A banknote that travels from hand to hand until it returns to the original owner. This is the plot of The Great Debt, "a funny project that came about because of an anecdote someone told me about the financial crisis in Greece," director Maxim Bessmertny explains. The three-minute short, along with the eight-minute short Death of a Parrot, had its world premiere at Taipa Village Art Space, Cultural Association Vila da Taipa, in April. The films and exhibition 'Degustation – Films by Maxim Bessmertny will be available for viewing until May 31.
In The Great Debt,the challenge was "to tell a story visually, with minimal dialogue, but retaining the essence of the anecdote," he adds.

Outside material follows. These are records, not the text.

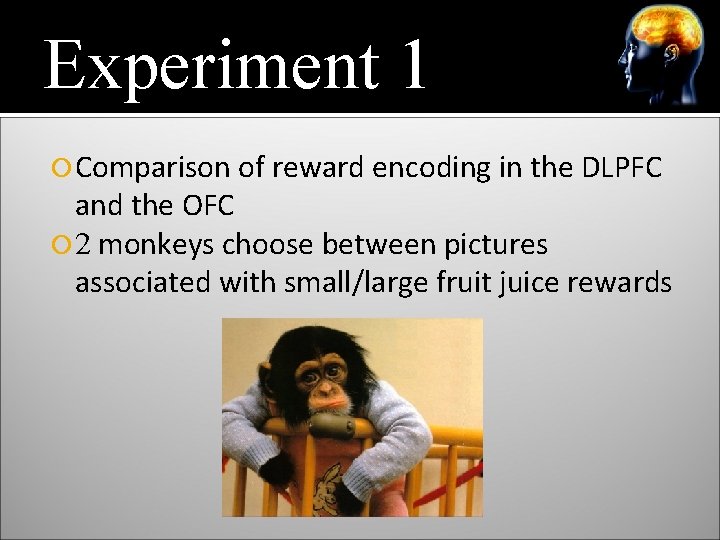 Experiment 1 Comparison of reward encoding in the DLPFC and the OFC 2 monkeys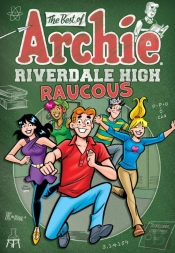 The Best Of Archie: Riverdale High Raucous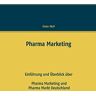 Dieter Wolf Pharma Marketing: Einführung Und Überblick Über Pharma Marketing Und Pharma Markt Deutschland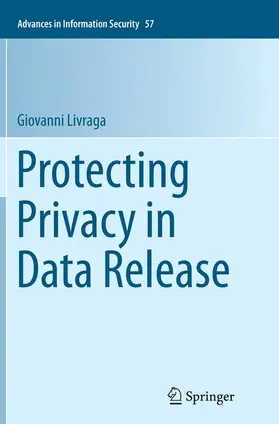 Livraga |  Protecting Privacy in Data Release | Buch |  Sack Fachmedien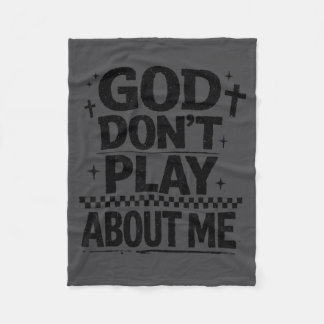 God Don't Play About Me Christian Faith Quote  フリースブランケット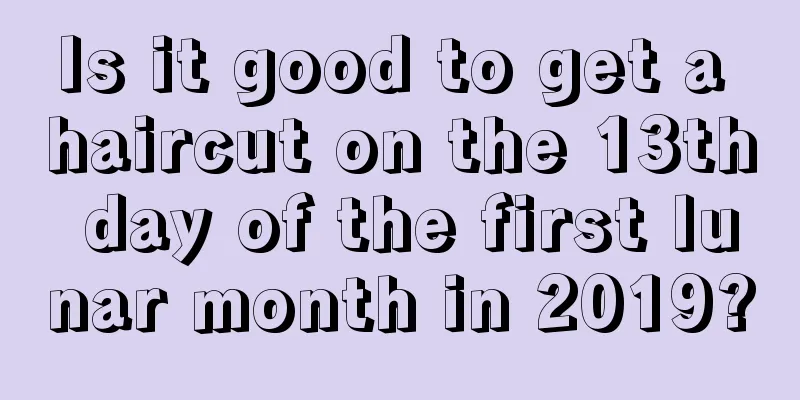 Is it good to get a haircut on the 13th day of the first lunar month in 2019?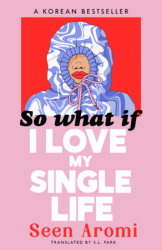 So What If I Love My Single Life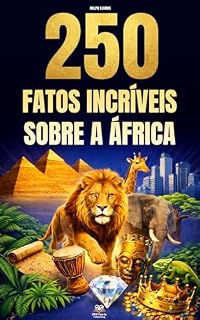 Livro 250 Fatos Incríveis sobre a África: Curiosidades fascinantes, absurdas e surpreendentes sobre história, animais, geografia, cultura geral e muito mais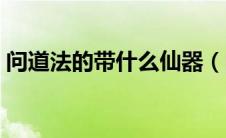 问道法的带什么仙器（问道法术带什么法宝）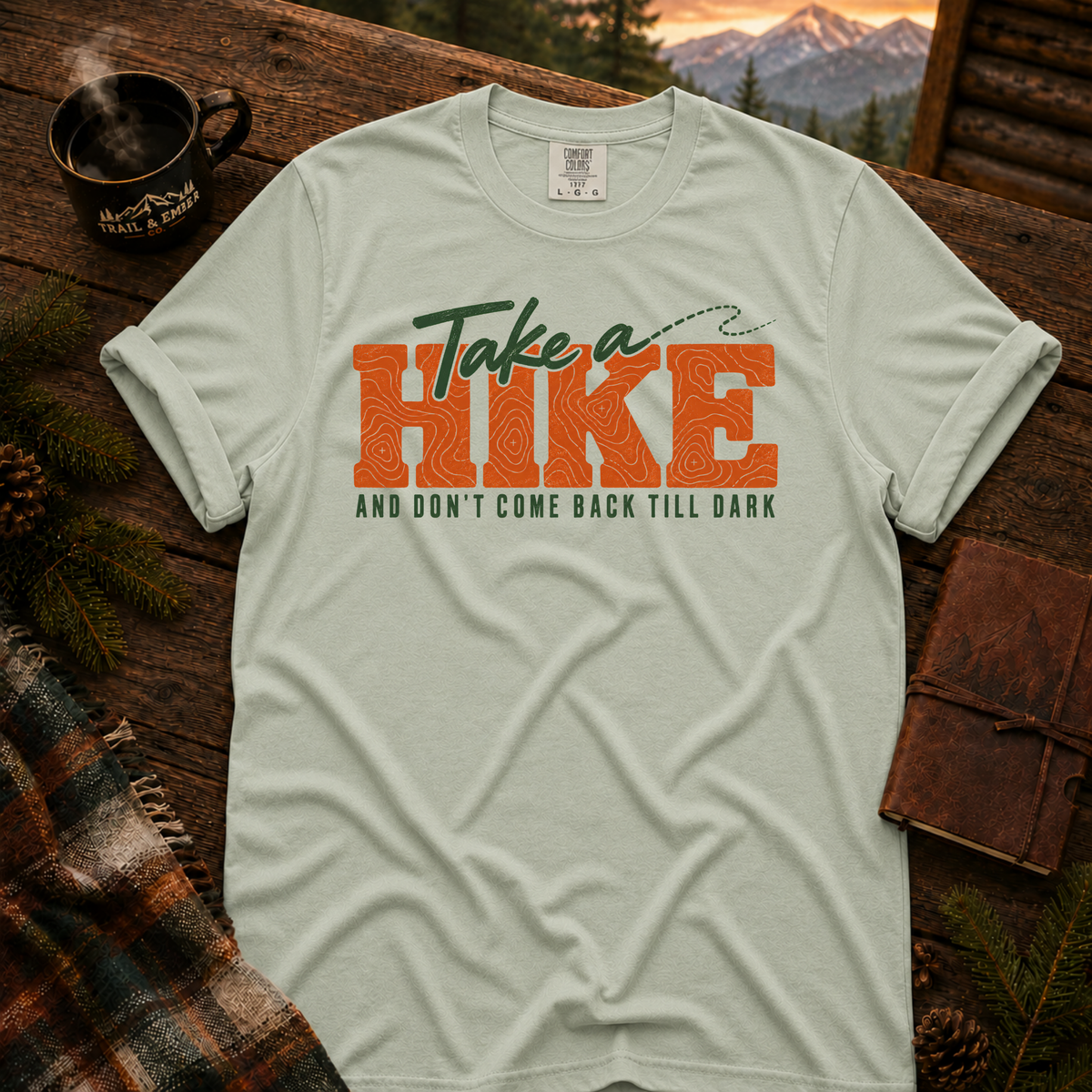 Bay Comfort Colors T-shirt with Take a Hike topo lettering and And Don't Come Back Till Dark slogan.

The story, told in three minutes, stars Nikolai Kramarev and Vera Kramarev, Maxim Bessmertny’s maternal grandparents. Bessmertny also wrote and produced the short, in addition to directing.
In the story, the director explains, "the hotel receptionist receives a deposit note from a customer. With that note she pays the butcher for a debt, the butcher pays the driver of a truck, who passes the note to a lawyer, who pays a receptionist, who returns it to the guest because the latter does not want to stay in the hotel. This is the idea, a single note pays the debt of everyone and ends up back in the hands of the original owner, a very funny concept that I adapted to a visual format," Bessmertny explains.
The film’s cinematography is the work of Jordan Lavi Quellman, a schoolmate of Max’s who has collaborated with him on previous productions. Bessmertny adds that The Great Debthas another particularity: in the filming, a Kipnotik wide-angle lens was used; "first used in the 1960s by the Russian director Mikhail Kalatozov," in the propaganda film Soy Cuba.
The sound effect of the parrot's cry
The film Death of a Parrotis dedicated to his grandfather, who is also the protagonist.
"I decided to do this short after making my first silent film. I wanted to make a second, with music, and using only a sound effect, which is the squawk of a parrot. The idea was to build a tense narrative over a short time span with the squawk of the parrot," the director explains, adding that the story was based on the novel Baudolino, by Umberto Eco, "where a murderer is hired because of an opium addiction."
In this film "a greedy grape addict", represented by local resident Kelsey Wilhelm, is barred from entering the garden of delights, and can only return if he does a favour for the administrator of the place, personified by his 71-year-old grandfather Nikolai. The soundtrack, also by Kelsey Wilhelm, mixes samples of Gustav Mahler's Symphony No. 3.
“Making short films is like dividing a feature film into six,” says the director. “It takes the same effort; you organize, you produce, you have the pre-production, post-production, marketing. If you're lucky it's your lottery ticket. There are people who make short films into feature films, so it can turn out to be a vehicle for making a feature".
However, the director is still looking for the perfect script to turn into to a feature film.
"People say it's easier now to make features, because it's all digital, but then why are more people not doing it? Because it's not that easy."
For Bessmertny, it is not enough to have funding to make a feature. The most important thing "is to have the perfect script and, so far, I have not yet been able to have a perfect 'filmable' script that makes me very happy.
“It's taken me all this time to find something worth going to the end of the world for, but I'm close. It's like having a treasure map, and as long as that map is good enough to take you to that treasure, then you're going to be willing to travel to the other side of the world. And that's what I've been doing, looking for maps."
The films and exhibition 'Degustation – Films by Maxim Bessmertny will be available for viewing until May 31 at the Taipa Village Arts Space.